Top of AVAILABLE RECORDS

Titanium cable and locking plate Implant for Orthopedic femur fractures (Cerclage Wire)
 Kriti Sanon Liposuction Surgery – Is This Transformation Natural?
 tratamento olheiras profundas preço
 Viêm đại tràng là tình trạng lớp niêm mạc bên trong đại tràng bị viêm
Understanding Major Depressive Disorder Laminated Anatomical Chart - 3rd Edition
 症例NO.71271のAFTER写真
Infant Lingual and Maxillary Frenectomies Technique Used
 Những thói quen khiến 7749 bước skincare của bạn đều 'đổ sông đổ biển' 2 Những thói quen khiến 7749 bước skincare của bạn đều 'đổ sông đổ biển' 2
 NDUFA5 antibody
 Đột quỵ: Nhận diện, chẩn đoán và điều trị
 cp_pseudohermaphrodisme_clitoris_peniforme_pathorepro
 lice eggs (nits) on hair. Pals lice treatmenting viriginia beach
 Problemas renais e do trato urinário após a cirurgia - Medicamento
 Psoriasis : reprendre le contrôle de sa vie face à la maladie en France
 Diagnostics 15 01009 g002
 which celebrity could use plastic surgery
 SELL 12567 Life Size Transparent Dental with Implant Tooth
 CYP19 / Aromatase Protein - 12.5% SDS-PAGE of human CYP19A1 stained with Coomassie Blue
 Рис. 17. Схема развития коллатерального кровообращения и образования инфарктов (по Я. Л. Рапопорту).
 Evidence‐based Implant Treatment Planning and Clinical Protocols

Bottom of AVAILABLE RECORDS

» WORK TASK: Exact copies of the lines from the one holding "SELL 12567 Life" through the last line above, and only those, make up the answer.

» OUTPUT FOR THIS EXERCISE:
 SELL 12567 Life Size Transparent Dental with Implant Tooth
 CYP19 / Aromatase Protein - 12.5% SDS-PAGE of human CYP19A1 stained with Coomassie Blue
 Рис. 17. Схема развития коллатерального кровообращения и образования инфарктов (по Я. Л. Рапопорту).
 Evidence‐based Implant Treatment Planning and Clinical Protocols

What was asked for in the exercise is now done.